I would be pleased if you could shed some light on the chemical makeup of the substance that forms in between the cork and a wine bottle’s neck that prevents the use of the various types of corkscrews that are normally used to extract corks.

I understand that the neck of the bottle can be tapered and does not assist the cork to be extracted, but sometimes the cork is old and deteriorating but is still held in the neck of the bottle by the stickiness between the cork and the bottle’s neck.

I also understand that tartrate crystals are formed on the bottom of the cork, but are they also formed in between the bottleneck and the cork? Or is there a different chemical action taking place, which adheres to one or other of the surfaces to cause the sticking problem?

—Peter W., Kidderminster, England

Dear Peter,

I’m also a fellow wine lover who has been stumped on occasion by particularly stubborn corks. Keep in mind that there is no chemical or substance or sticky matter applied to keep a cork in place in the neck of a bottle. Rather, it’s the unique qualities of cork itself that make it such an efficient stopper. Cork has a unique honeycomb cell structure filled with air, and it’s extremely elastic.
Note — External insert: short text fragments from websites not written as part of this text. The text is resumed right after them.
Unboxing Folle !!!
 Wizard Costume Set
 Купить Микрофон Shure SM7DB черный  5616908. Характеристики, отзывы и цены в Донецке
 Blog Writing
Cork can be compressed—as it is in the neck of a wine bottle—and then, after it’s removed, it can expand back to its original volume. If you’ve ever tried to put a cork back in a bottle after removing it and found that it can’t fit, you’ve seen that it can expand very quickly.
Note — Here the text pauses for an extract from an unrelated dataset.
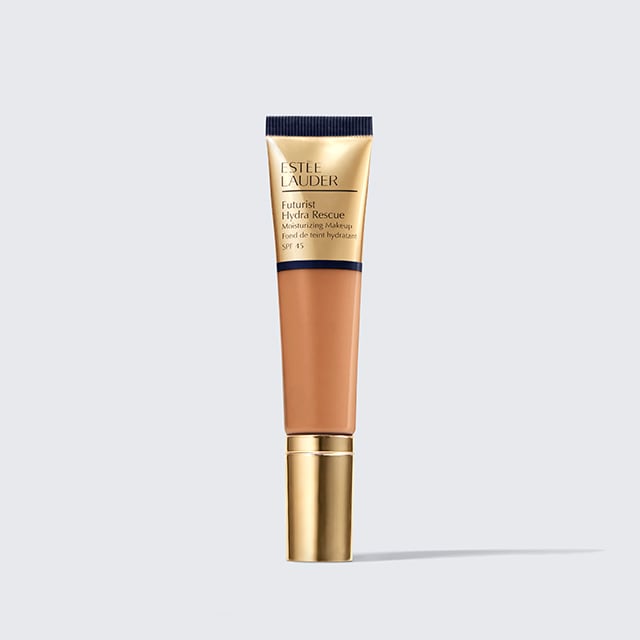 Futurist Hydra Rescue Moisturizing Foundation SPF 45 - RUTHERFORD & Co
Something tells me that if you’re having trouble opening bottles of wine, then you might need a better corkscrew. There are many models (and price points) out there, but for about $10 you can get what’s called a waiter’s corkscrew. It can give you some added leverage, and here’s a video that will show you how best to use it.

That said, I’m familiar with the phenomenon you’re describing in old, damaged wines. When I pull the corkscrew, the core of the cork comes out, leaving a cylinder of cork stuck to the bottle that won’t come out at all. I’m not sure why this happens, but my suspicion is that the bottle was heated at some point, thus pushing the wine up between the glass and the cork, and then it cooled, leaving the wine to dry out and form a bond between the cork and the glass.

As far as tartrate crystals—those harmless little white chunks that sometimes cling to the bottom of a cork—are concerned, I’ve never seen them form between a cork and the bottle.